[Short descriptive text snippets]
=== Section Start ===

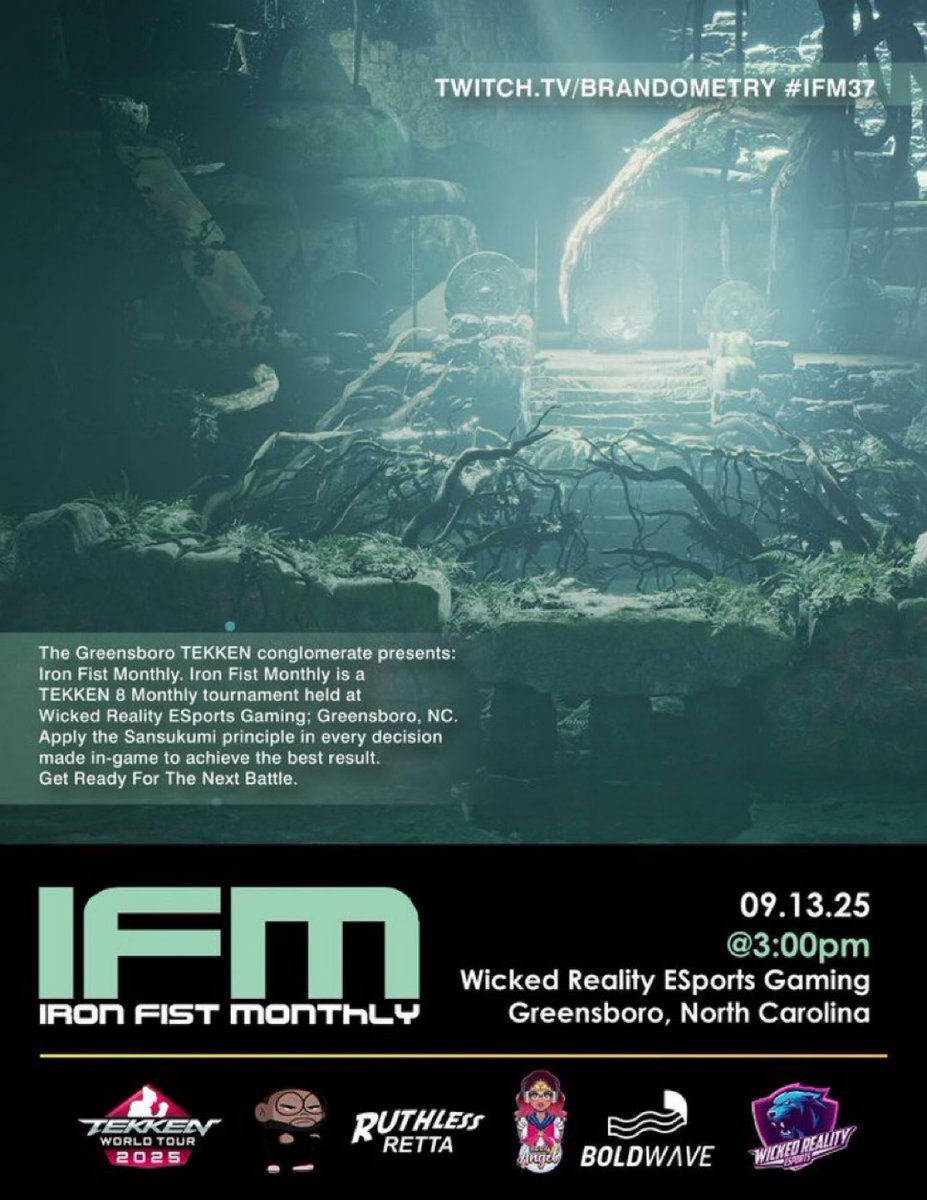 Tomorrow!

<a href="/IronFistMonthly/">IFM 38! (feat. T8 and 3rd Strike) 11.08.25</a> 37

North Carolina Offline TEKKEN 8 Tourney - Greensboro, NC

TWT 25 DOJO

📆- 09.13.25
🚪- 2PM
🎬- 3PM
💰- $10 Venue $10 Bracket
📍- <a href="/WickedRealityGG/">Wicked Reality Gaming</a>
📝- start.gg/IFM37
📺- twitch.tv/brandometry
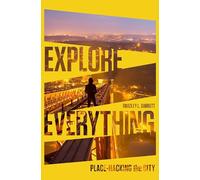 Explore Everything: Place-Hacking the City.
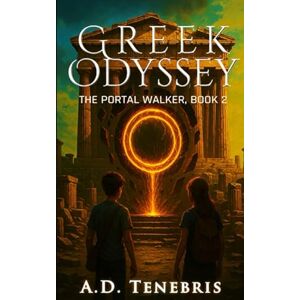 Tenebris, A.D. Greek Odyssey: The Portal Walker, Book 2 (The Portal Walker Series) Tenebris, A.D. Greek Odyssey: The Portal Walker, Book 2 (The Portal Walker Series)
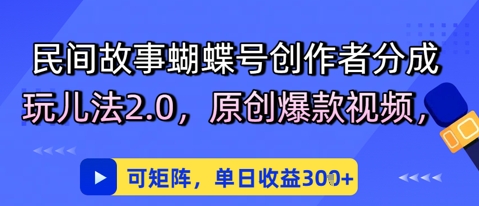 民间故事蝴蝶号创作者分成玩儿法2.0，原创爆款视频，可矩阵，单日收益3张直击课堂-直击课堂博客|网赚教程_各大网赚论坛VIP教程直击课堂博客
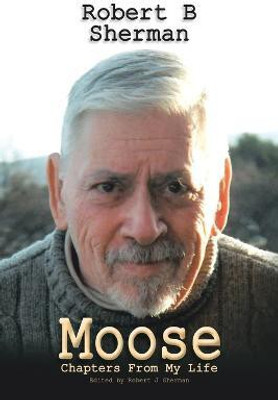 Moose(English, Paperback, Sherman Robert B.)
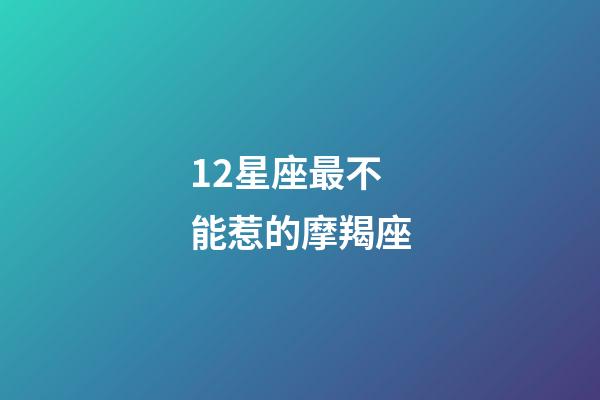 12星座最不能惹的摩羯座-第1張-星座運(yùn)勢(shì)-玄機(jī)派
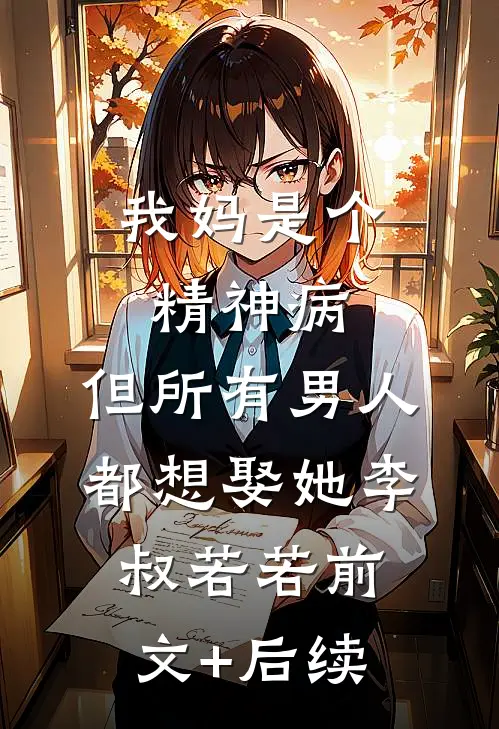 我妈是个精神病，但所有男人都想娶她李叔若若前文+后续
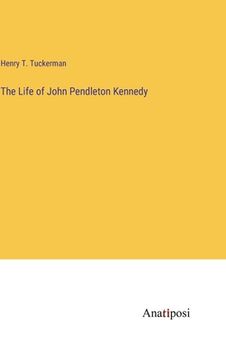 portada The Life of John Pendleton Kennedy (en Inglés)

=== Section End ===

Find and copy each line above that includes the string "href".

» Completed exercise
<a href="/IronFistMonthly/">IFM 38! (feat. T8 and 3rd Strike) 11.08.25</a> 37
📍- <a href="/WickedRealityGG/">Wicked Reality Gaming</a>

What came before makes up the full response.